We compared structural biopolymers from morphologically well-preserved Metasequoia tissues from three Tertiary deposits and detected a continuum of biochemical preservation seen in this evolutionarily conserved conifer. Pyrolysis-gas chromatography–mass spectrometry (Py-GC–MS) was applied to solvent-extracted residues from both fossil leaf and wood remains in comparison with tissues from their living counterparts. The late Paleocene–early Eocene leaves from Ellesmere Island, Canadian Arctic Archipelago, exhibit the best quality of biochemical preservation and show pyrolysis products derived from labile biomolecules characterized by large amounts of polysaccharides.
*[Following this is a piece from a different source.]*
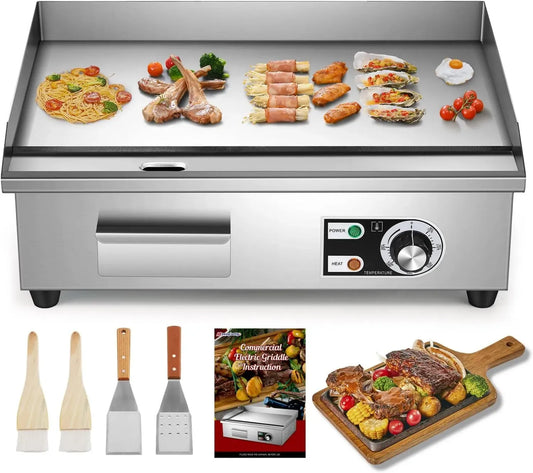 Plancha Électrique Moongiantgo 3000W, Gril Acier Inox Professionnel avec Température Ajustable et Bac à Huile Amovible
These labile biomolecules are the oldest record of these kinds so far characterized by the pyrolysis technology. The middle Eocene leaf tissues from Axel Heiberg Island, Canadian Arctic Archipelago, yielded slightly lesser amounts of polysaccharide moieties, but the lignin products are similar to those identified from the Ellesmere Island fossils. Compared with these Arctic materials, the Metasequoia leaves from the Miocene Clarkia site in Idaho, USA, show the lowest quality of molecular preservation, characterized by a dramatic reduction of polysaccharides. This continuum of relative quality of biomolecular preservation is further confirmed by SEM observations of transverse sections of these fossil leaves, illustrating a case example where the extraordinary morphological preservation seen in the fossils parallels that detected at the biochemical level. The investigation revealed that both original molecular components and tissue-specific degradation control the final pyrolysis products from fossil material, thus suggesting that comparative studies of molecular preservation are best performed on an individual tissue basis within an evolutionarily conserved taxonomic lineage. Our data support the in situ polymerization hypothesis for the origin of long-chain homologous pairs of aliphatic n-alk-1-enes/ n-alkanes as leaf alteration products.